La inmediatez que nos rodea, así como el impacto de los medios y especialmente de las redes sociales, ha facilitado el desarrollo de unos líderes que arrasan con todo lo que tocan, incluso sus propios partidos, configurando una creciente disociación entre los intereses del líder y de la organización que representa. Es muy curioso que los partidos que emergieron para romper el bipartidismo histórico de nuestra democracia son fuegos artificiales que tras el brillo inicial languidecen. Ciudadanos, Podemos, Sumar, Vox… han tocado, o creído tocar, el cielo, pero inmediatamente se ha producido un proceso de canibalización con salida de personajes relevantes cuando no expulsiones, llevando a alguno de ellos a la irrelevancia y el resto presentan un futuro nada sencillo.
De las luchas internas por el liderazgo no se salva nadie, salvo tal vez el PNV al no concentrar el poder del partido en quien ejerce el poder administrativo. El partido marca el ritmo de cuándo un lendakari debe renovarse y de cuándo continuar. Lo vimos con Ibarretxe y lo hemos visto ahora con Urkullu, el partido es el que manda. En el resto todo gira en torno al sumo líder y en muchas ocasiones el exceso de liderazgo es el comienzo del final del partido. Lo hemos visto con partidos con poca historia, pero ahora se evidencia que la dependencia del PSOE de su líder le puede pasar factura.

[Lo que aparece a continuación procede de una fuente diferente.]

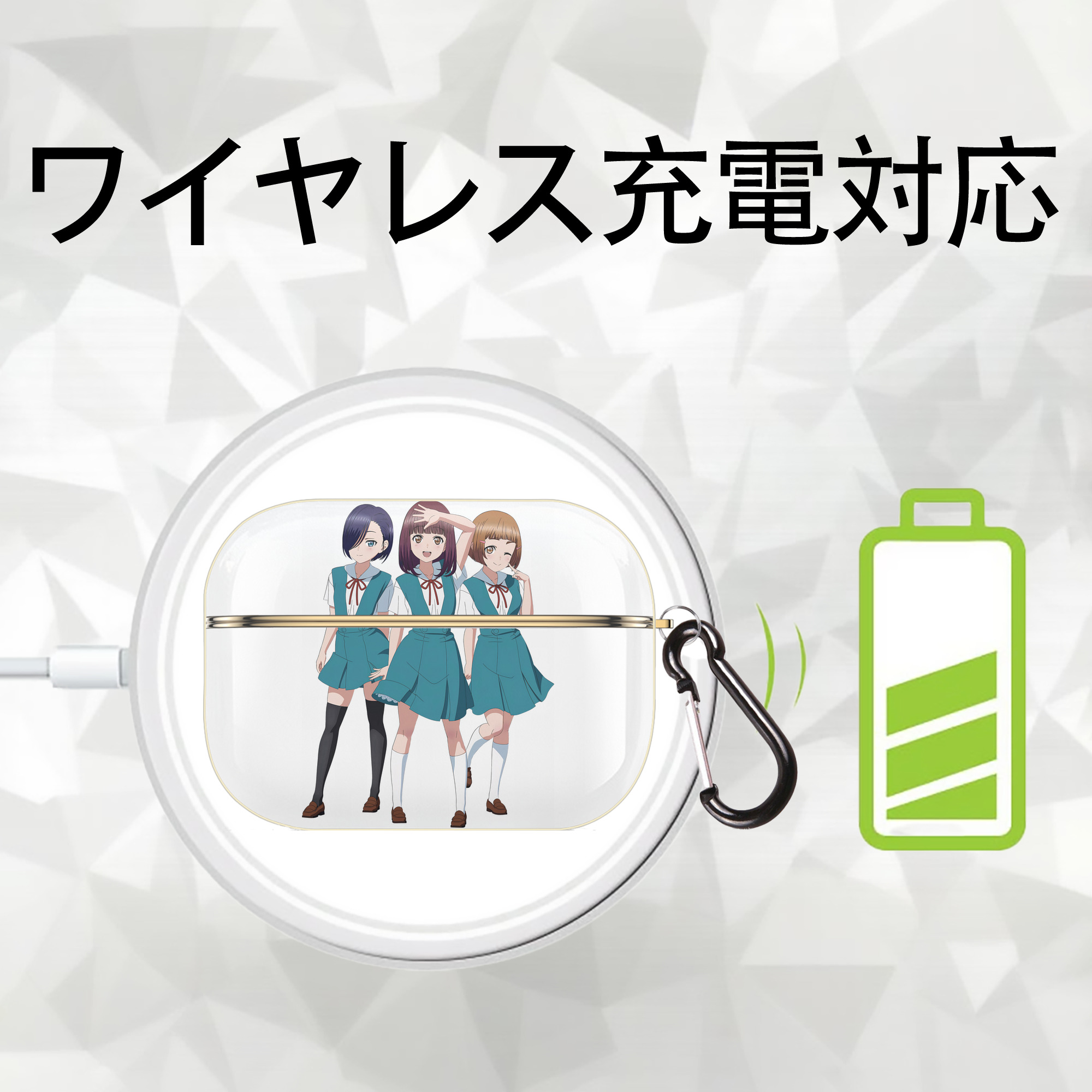 EVA 新世紀エヴァンゲリオン 【AirPods Pro用】ハードシェル保護ケース｜耐衝撃・防指紋・カラビナ付き商品仕様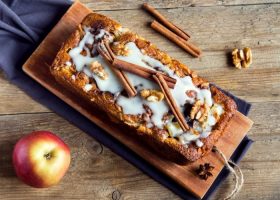 طريقة عمل كيك الجوز والقرفة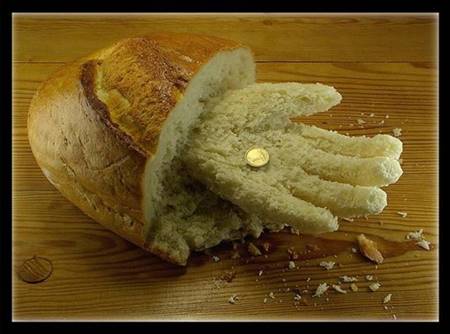 ศิลปะจาก \"ขนมปัง\"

Sánchez pasará a los anales de la politología. Expulsado de la secretaría general de su partido fue capaz de volver, vencer a sus contrincantes internos y luego alcanzar el Gobierno mediante una moción de censura. Equilibrista del poder, audaz, táctico más que estratega, es como un tahúr del Misisipi, siempre gana, aunque no tenga buenas cartas, como lo demuestra su capacidad para armar Gobierno habiendo perdido las elecciones del 23J. Su historial de victorias no esperadas ha jalonado el mito de hombre infalible. Su última treta es difícilmente entendible por la mayoría del país y, en especial, por la prensa internacional, que no es que aplauda su movimiento.
Estar a su lado, como suele pasar a los hiperlíderes, abrasa. En menos de seis años de Gobiernos ha nombrado a 52 ministros, para un gabinete de 22. Y muy probablemente cuando pase el ciclo electoral, en verano, haya nuevos cambios. Si descontamos a los cinco que sobreviven desde el primer gabinete, la rotación de carteras es tremenda, siendo una señal más de la carencia de estabilidad en la cúpula.

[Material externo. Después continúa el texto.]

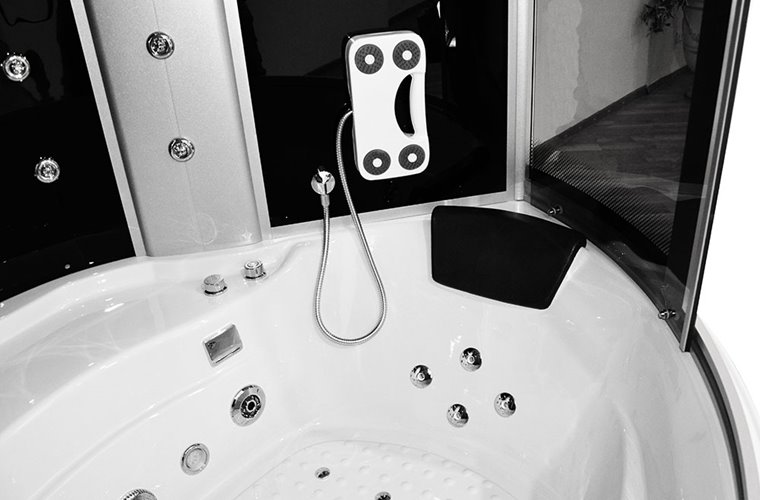 Duża kabino wanna Spa z hydromasażem 150x150 cm MO-08150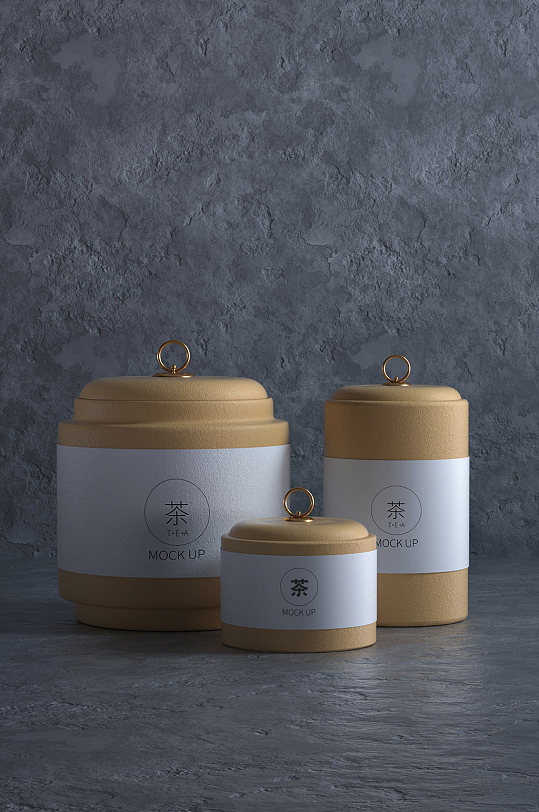 瓷罐茶叶包装样机展示-众图网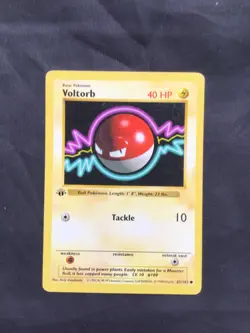 Pokemon Cards: Base Set 1st Edition Common: Voltorb 67/102 - Image 1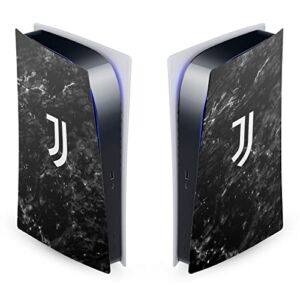 Head Case Designs Officially Licensed Juventus Football Club Black Marble Art Vinyl Faceplate Sticker Gaming Skin Decal Cover Compatible With Sony PlayStation 5 PS5 Digital Edition Console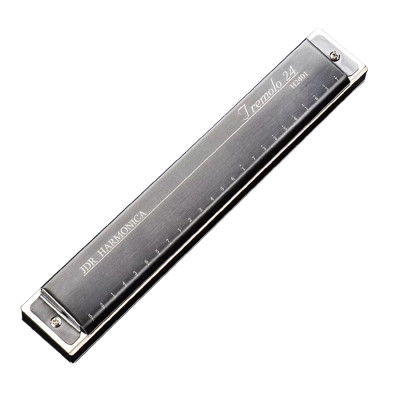 H2401GY Губная гармошка, тональность С, тремоло, серая, JDR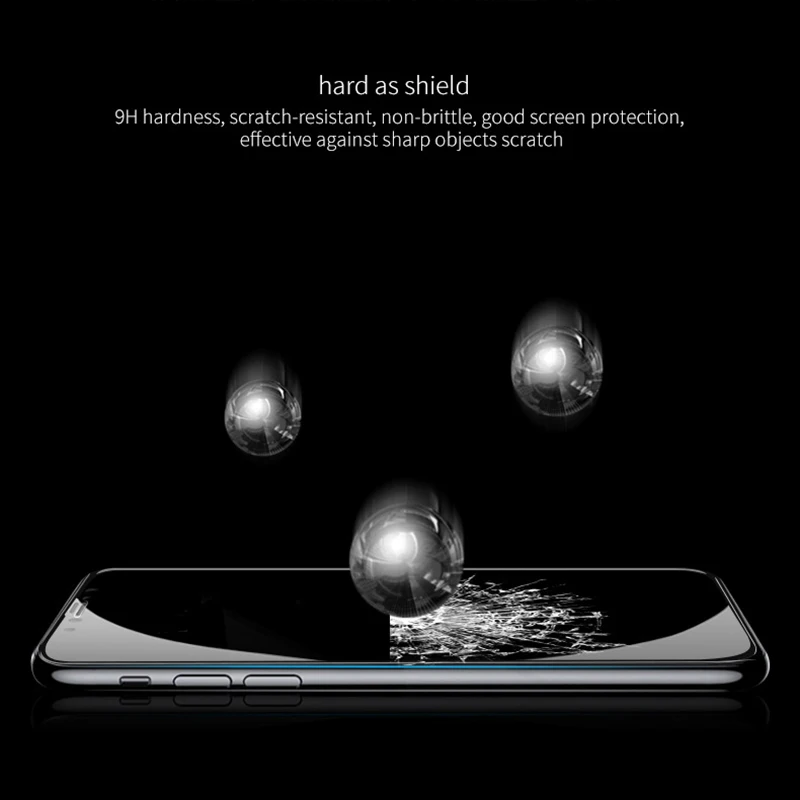 Alisuber закаленное Стекло для iPhone X Экран протектор изогнутые полный охват х Тонкий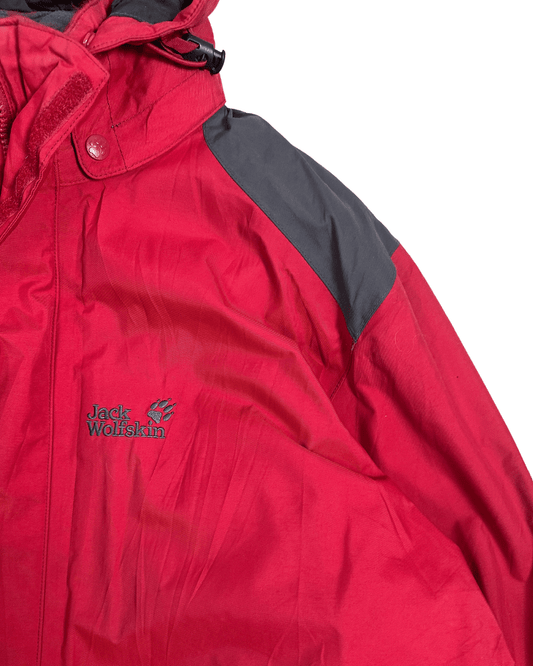 Jack Wolfskin Reversible 3 - in - 1 Jacket with Detachable Hood - XL - Funkify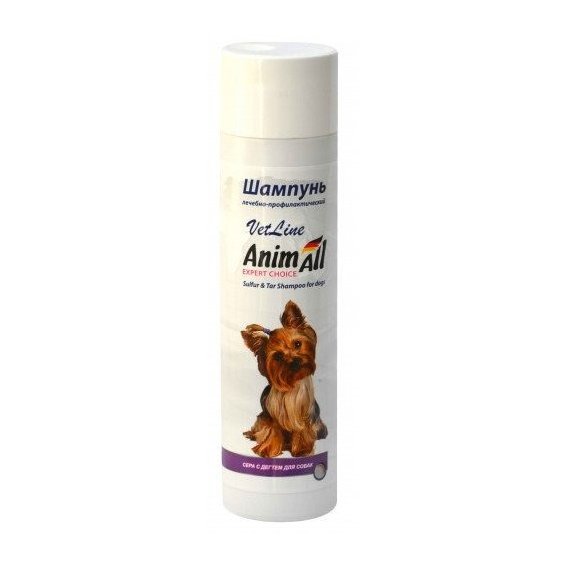 Шампунь AnimAll VetLine с серой и дегтем для собак 250 мл (57215)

Probablemente nunca sepamos la realidad de su (no) dimisión en diferido, pero sin duda el comité federal del sábado evidenció la orfandad del partido sin su líder. Hoy el PSOE sin Sánchez prácticamente no existe, o al menos está anestesiado, es más un movimiento en torno a una persona que un partido fundamental para vertebrar la vida política española.
El PSOE cuenta con casi 21.000 concejales, de los cuales unos 2.400 son alcaldes, tres presidentes autonómicos, 353 parlamentarios autonómicos, 121 diputados, 89 senadores... y un elevado número de altos cargos y asesores. Pero sin el líder parece que no son nada, tal vez porque este les ha exigido obediencia total y se han acostumbrado a ella. Se demostró en el debate interno sobre la amnistía, los críticos, pocos, fueron silenciados cuando no expulsados, solo hay un mensaje posible.
Sánchez se ha convertido en la piedra angular no solo del PSOE, sino de una coalición tan heterogénea como volátil. Pocos son capaces de imaginar su futuro sin él. Y con o sin dimisión bien harían en pensar en su sucesión, ahora que tienen más tiempo del que parecían tener el sábado pasado. Tal vez regular un máximo de años como presidente del Gobierno, ocho, por ejemplo, ayudaría. No olvidemos que hasta a Felipe González, la figura que probablemente más consenso suscite ahora, le sobraron años al frente del Gobierno de la nación.